Trajectories of Persons and Practices: Sociohistoric Perspectives of Disciplinary Development. Alexandra

Chapter 7 | Coming to Act with Tables:
Tracing the Development of Inscriptional Practice

Acting with Tables for Arranging Fan Soundtracks

In the previous section, our analysis illuminated the tables and other inscriptions that mediate the textual, visual, and spatial dimensions of Alexandra's fan writing. In this section, we continue our examination of the tables Alexandra acts with to write her novels, focusing on how the tables she uses to generate soundtracks for her novels mediate the aural dimension of her writing. We examine the tables Alexandra uses to create and manage her fan soundtracks in their own section as a way of further unpacking the multiple modes and media simultaneously at play in her literate activity. Examining them in their own sections also further illuminates the multiple tables Alexandra continually coordinates throughout her lifeworlds.

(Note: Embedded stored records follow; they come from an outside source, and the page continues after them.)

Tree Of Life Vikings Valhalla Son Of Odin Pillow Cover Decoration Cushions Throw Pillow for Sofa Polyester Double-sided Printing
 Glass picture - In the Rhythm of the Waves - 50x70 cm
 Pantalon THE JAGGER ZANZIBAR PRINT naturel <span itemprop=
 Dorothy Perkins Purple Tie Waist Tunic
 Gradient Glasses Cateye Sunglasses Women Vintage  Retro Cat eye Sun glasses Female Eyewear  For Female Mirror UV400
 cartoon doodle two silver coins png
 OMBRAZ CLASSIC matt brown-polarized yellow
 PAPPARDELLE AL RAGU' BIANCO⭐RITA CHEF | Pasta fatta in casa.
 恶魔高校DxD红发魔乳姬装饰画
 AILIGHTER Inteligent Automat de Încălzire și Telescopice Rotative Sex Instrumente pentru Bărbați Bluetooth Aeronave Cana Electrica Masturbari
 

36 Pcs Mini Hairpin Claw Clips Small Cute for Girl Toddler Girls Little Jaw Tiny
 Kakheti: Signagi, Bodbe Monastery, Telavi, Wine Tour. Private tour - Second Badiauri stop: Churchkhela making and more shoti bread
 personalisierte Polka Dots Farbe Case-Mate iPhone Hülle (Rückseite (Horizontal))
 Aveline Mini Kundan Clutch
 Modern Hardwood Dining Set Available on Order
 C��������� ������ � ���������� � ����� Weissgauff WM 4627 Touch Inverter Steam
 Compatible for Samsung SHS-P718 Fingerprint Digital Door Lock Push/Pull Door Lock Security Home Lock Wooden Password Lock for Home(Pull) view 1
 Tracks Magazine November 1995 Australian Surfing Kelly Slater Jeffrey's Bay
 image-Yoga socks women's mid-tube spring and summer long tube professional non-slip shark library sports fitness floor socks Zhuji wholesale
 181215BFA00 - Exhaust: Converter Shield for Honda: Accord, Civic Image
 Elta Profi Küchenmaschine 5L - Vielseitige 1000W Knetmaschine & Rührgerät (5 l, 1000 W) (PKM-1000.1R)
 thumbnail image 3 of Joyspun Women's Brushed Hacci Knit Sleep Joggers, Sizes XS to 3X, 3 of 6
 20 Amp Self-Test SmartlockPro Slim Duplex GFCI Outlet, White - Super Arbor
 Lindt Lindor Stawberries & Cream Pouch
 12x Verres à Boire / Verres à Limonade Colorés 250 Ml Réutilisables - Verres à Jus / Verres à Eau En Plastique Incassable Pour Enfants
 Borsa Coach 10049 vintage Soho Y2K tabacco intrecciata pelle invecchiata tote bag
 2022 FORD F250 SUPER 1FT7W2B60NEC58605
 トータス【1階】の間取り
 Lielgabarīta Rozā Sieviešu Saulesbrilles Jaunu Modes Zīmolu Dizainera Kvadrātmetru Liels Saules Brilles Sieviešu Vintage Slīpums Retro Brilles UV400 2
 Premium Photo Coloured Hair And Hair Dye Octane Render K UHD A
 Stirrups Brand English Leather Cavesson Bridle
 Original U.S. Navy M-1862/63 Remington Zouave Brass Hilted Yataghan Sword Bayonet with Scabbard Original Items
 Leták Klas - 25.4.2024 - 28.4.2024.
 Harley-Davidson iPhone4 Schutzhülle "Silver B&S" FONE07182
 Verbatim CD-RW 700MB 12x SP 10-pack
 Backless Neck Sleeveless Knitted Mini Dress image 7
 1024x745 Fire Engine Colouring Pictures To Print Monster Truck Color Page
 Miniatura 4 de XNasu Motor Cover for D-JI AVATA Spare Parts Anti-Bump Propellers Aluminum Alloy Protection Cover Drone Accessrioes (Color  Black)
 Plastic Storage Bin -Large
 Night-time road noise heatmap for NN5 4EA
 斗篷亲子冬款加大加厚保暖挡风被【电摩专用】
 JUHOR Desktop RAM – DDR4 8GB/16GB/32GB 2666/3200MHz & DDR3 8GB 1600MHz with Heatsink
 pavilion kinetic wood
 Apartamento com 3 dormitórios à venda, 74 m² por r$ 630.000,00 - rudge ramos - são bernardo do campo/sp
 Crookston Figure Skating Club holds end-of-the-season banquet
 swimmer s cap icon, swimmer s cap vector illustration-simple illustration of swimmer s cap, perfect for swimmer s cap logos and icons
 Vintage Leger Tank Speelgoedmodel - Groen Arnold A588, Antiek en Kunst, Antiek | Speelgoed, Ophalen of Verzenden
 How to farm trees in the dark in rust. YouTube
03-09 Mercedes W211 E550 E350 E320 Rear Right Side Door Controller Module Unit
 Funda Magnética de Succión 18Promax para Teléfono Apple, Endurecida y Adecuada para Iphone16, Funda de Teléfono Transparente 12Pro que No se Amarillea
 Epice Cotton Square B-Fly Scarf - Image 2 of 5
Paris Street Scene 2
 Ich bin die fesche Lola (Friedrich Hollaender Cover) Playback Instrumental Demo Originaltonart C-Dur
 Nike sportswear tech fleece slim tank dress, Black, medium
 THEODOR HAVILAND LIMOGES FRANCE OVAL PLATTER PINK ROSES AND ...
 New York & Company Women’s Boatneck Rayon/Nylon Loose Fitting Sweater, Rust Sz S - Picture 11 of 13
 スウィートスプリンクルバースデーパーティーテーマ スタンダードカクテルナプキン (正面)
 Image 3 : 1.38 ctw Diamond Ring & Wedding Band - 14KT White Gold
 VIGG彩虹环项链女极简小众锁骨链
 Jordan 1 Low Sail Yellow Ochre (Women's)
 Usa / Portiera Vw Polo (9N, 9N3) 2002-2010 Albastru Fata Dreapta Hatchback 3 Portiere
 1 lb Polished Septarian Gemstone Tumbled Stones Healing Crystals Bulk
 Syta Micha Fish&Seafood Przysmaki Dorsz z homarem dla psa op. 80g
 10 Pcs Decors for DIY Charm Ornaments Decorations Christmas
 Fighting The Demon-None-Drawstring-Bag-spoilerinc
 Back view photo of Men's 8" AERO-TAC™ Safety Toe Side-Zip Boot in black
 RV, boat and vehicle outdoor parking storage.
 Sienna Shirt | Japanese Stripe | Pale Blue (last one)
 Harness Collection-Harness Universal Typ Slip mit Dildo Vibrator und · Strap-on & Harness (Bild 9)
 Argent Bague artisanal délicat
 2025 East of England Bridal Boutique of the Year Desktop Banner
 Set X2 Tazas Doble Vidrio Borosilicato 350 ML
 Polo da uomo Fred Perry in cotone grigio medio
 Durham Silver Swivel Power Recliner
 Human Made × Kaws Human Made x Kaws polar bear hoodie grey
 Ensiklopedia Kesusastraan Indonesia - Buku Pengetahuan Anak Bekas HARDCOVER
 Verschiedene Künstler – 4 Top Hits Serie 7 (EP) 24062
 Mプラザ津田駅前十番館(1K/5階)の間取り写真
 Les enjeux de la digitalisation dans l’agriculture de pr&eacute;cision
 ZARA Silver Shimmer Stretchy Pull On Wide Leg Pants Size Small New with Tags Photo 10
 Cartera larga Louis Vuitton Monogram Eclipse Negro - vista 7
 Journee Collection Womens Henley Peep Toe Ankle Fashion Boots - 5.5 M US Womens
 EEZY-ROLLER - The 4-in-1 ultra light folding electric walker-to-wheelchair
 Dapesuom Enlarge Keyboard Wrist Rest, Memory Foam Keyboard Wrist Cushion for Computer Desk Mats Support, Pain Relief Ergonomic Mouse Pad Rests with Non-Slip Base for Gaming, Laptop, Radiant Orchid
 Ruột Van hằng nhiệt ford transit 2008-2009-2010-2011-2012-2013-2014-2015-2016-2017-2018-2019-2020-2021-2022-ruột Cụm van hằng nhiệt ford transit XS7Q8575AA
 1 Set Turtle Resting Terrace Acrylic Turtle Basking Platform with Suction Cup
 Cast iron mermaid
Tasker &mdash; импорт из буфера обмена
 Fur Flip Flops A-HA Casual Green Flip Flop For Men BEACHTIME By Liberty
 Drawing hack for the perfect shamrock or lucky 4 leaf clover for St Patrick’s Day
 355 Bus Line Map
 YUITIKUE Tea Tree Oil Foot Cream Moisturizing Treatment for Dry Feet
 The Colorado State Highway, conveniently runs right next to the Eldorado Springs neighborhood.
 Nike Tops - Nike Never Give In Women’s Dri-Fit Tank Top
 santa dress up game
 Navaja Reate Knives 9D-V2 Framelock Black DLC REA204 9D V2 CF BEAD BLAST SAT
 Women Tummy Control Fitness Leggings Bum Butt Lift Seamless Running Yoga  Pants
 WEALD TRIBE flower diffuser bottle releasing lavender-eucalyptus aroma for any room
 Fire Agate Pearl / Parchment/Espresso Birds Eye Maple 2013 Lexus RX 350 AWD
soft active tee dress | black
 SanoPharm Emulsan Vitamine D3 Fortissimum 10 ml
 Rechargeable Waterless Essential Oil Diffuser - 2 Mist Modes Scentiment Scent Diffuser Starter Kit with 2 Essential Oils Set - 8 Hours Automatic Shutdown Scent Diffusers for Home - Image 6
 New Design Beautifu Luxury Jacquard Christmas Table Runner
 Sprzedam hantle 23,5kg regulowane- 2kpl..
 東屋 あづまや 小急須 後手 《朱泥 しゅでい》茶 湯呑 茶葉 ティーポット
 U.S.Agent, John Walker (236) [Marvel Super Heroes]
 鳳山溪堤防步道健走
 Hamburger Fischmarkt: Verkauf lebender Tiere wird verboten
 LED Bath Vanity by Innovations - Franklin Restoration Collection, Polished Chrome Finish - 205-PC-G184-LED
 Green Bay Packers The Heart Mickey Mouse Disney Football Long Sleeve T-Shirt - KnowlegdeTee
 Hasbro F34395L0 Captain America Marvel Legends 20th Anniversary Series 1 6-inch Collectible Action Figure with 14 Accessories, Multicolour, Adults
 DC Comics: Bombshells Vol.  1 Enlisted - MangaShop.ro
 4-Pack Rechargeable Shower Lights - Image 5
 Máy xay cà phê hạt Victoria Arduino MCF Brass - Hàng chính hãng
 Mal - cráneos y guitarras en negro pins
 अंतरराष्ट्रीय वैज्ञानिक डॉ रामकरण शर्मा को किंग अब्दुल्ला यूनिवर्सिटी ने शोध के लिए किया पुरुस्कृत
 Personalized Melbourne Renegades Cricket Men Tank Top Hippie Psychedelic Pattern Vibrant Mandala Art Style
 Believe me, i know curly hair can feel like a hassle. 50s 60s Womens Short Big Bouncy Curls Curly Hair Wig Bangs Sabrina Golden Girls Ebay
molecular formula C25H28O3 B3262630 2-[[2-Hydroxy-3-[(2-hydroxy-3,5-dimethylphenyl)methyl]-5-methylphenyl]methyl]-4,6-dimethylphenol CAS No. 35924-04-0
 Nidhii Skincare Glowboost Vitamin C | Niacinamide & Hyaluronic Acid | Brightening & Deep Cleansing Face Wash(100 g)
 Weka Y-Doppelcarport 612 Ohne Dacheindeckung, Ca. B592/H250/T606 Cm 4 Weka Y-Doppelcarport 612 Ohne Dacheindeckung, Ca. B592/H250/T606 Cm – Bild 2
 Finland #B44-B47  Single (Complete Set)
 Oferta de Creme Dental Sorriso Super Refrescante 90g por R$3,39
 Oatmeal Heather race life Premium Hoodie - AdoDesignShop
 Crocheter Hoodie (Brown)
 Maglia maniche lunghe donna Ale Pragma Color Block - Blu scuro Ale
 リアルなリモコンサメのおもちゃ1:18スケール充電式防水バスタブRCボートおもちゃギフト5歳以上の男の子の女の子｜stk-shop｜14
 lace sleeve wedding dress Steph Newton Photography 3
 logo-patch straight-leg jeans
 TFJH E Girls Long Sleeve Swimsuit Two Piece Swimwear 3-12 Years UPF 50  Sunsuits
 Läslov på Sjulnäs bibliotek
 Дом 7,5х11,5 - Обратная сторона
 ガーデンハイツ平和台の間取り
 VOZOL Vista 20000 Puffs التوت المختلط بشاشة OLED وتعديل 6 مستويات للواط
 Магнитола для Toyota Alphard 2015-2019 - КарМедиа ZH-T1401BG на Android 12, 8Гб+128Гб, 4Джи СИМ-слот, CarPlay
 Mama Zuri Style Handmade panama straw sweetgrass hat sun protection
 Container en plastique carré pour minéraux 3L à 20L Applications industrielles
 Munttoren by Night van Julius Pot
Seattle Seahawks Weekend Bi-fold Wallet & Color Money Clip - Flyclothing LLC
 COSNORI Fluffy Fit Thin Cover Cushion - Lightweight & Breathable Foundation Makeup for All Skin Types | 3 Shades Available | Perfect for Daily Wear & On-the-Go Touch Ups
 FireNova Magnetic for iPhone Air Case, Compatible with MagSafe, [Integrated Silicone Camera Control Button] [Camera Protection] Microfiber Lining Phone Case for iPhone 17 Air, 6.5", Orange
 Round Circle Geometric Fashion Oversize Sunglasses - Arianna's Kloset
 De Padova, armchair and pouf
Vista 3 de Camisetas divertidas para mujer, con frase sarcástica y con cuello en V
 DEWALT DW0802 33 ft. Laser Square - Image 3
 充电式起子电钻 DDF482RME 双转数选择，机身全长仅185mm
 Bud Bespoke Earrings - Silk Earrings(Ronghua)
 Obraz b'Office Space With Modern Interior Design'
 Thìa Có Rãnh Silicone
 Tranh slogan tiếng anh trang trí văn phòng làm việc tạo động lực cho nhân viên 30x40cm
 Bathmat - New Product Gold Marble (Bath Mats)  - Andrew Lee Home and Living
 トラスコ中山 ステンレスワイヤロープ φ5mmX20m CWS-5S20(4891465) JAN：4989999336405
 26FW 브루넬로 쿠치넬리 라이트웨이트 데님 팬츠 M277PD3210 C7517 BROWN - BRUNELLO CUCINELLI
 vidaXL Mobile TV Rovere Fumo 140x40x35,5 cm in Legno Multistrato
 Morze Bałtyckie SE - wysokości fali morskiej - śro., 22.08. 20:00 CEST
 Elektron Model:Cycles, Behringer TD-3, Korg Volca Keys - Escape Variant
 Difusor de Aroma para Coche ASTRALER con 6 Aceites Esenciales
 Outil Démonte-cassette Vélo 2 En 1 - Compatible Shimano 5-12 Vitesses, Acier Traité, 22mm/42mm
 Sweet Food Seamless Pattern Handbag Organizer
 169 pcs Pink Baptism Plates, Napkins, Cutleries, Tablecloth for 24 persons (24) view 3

Acting with tables is also central to assembling the soundtracks she creates to accompany and complement key scenes in her novels in anticipation of their being remediated (Bolter & Grusin, 1999) as movies once they are published. In addition to the tables indicating the pairing of song titles with specific scenes in her novels, Alexandra’s iPod includes a playlist of songs for each novel she is working on as well as the ones she plans to write in the future, and she frequently listens to those songs as she does her writing.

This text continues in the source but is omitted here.